--- RECORDS SHOWN Enclosed Below ---

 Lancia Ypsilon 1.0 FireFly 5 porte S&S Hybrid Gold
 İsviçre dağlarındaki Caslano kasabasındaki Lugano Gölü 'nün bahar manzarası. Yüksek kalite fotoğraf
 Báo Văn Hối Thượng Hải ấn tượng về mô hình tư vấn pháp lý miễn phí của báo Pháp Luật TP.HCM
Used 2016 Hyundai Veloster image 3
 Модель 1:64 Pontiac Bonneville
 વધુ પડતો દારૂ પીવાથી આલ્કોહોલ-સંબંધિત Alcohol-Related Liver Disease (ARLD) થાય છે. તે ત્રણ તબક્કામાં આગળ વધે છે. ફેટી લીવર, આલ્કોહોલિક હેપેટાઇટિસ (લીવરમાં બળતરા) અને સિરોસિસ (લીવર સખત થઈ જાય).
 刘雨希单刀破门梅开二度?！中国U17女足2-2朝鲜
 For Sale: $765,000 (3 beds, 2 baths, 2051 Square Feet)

--- End of Enclosed RECORDS SHOWN ---
--- RECORDS SHOWN Enclosed Below ---

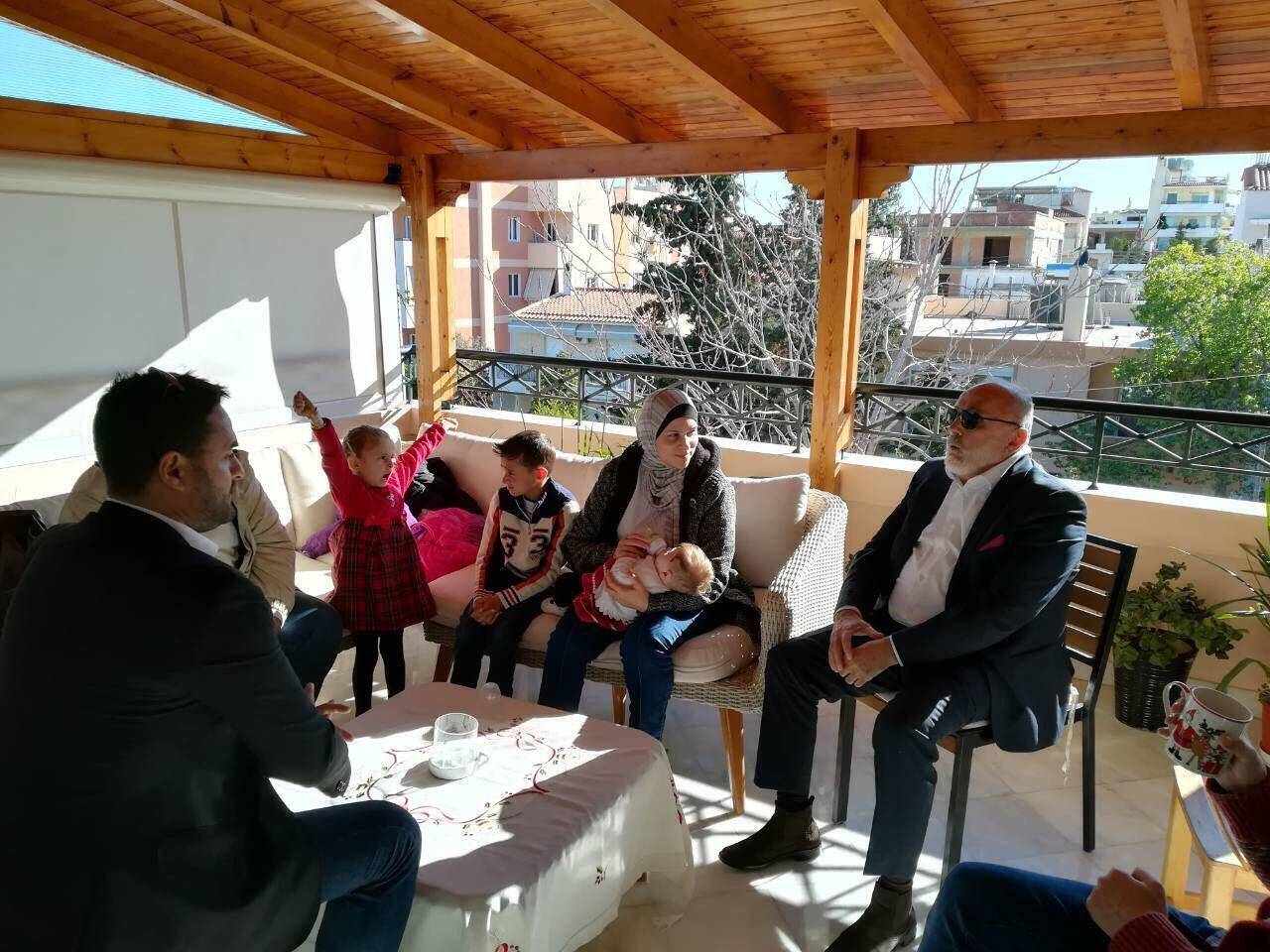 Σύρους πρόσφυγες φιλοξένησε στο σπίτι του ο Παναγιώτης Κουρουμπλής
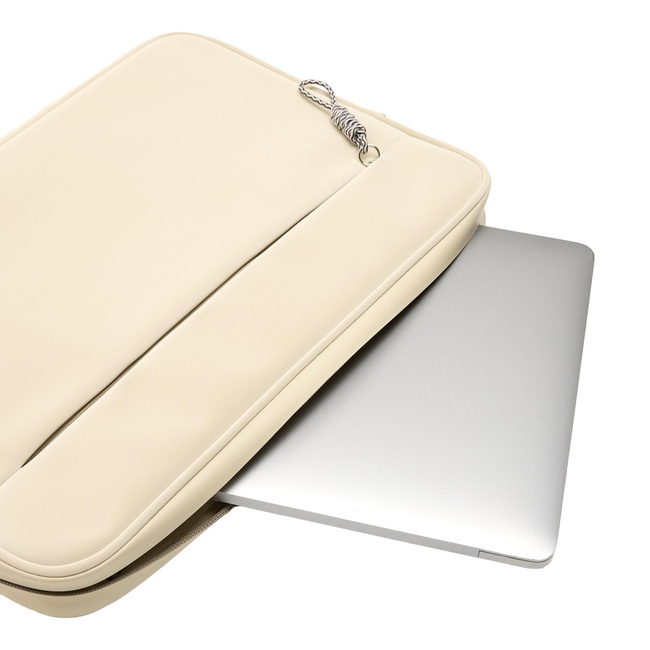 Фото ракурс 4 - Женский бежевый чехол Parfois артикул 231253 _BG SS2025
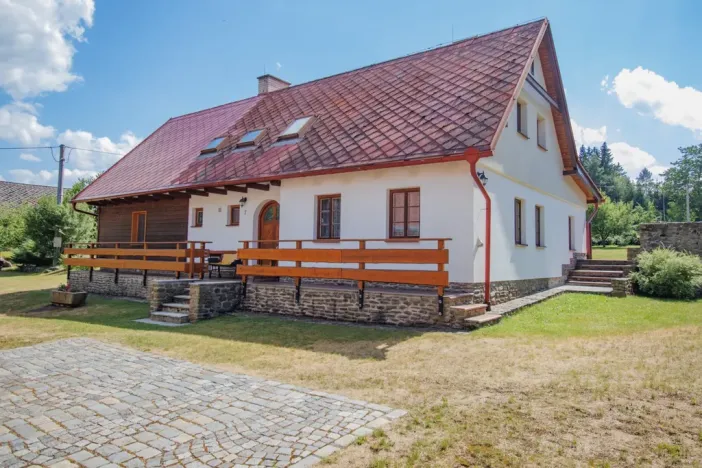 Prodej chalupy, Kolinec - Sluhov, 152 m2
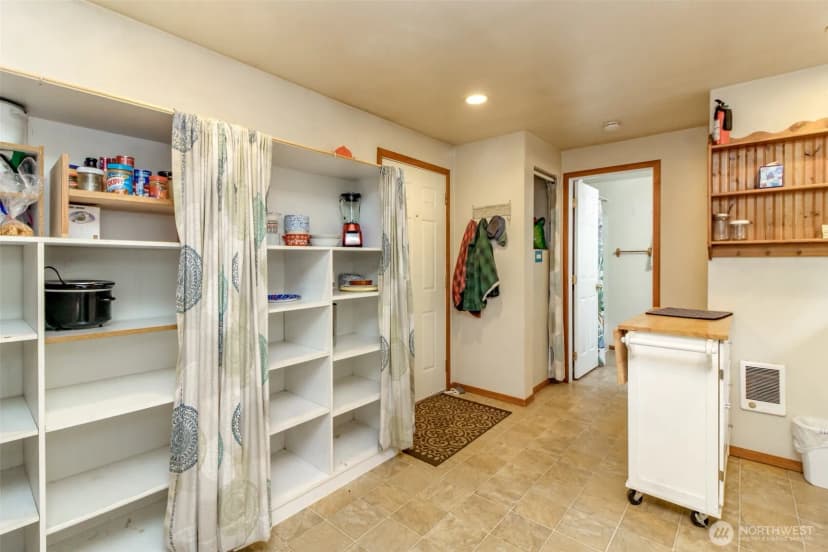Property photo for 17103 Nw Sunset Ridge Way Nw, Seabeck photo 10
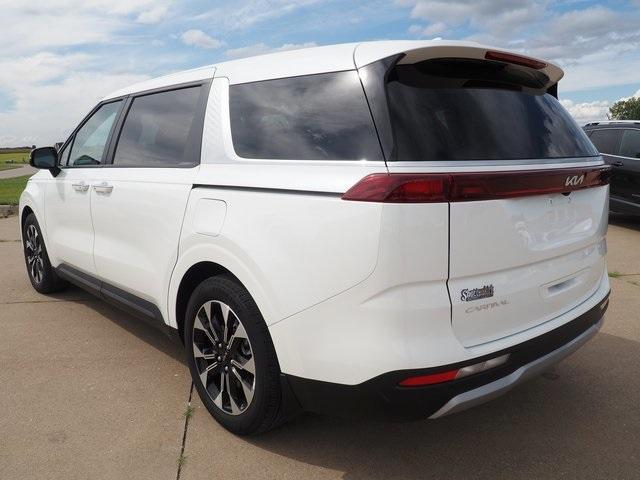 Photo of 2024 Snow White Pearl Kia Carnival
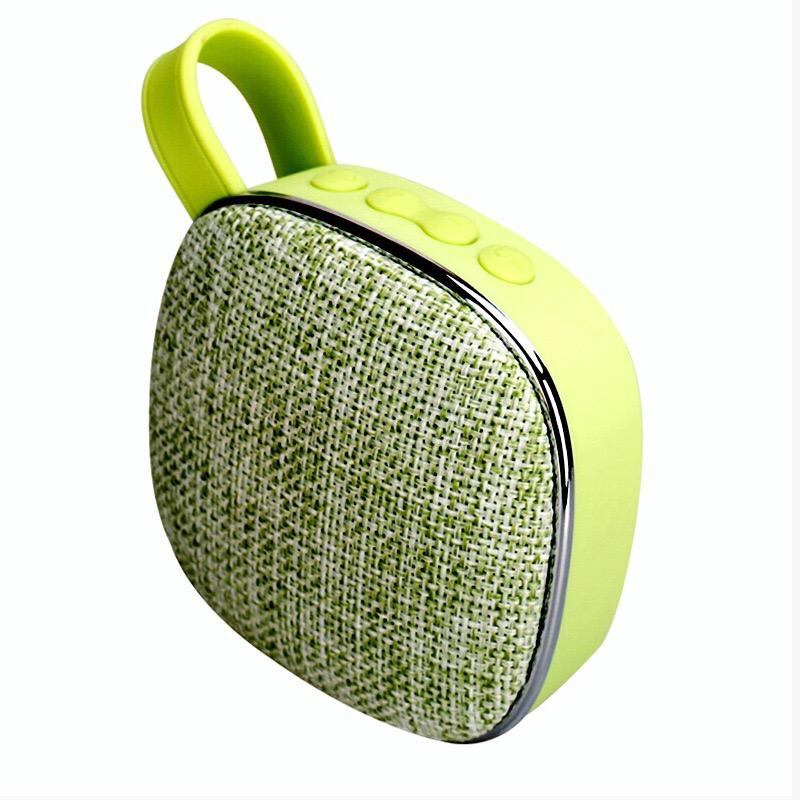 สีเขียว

--- End of Enclosed RECORDS SHOWN ---

■ **DIRECTIONS FOR THIS TASK**
Each line above from the one with "刘雨希单刀破门梅开二度?！中国U17女足2-2朝鲜" up to and including the one with "For Sale: $765,000" must be set down exactly, and no line outside that span may appear.

■ **WRITTEN SOLUTION**
 刘雨希单刀破门梅开二度?！中国U17女足2-2朝鲜
 For Sale: $765,000 (3 beds, 2 baths, 2051 Square Feet)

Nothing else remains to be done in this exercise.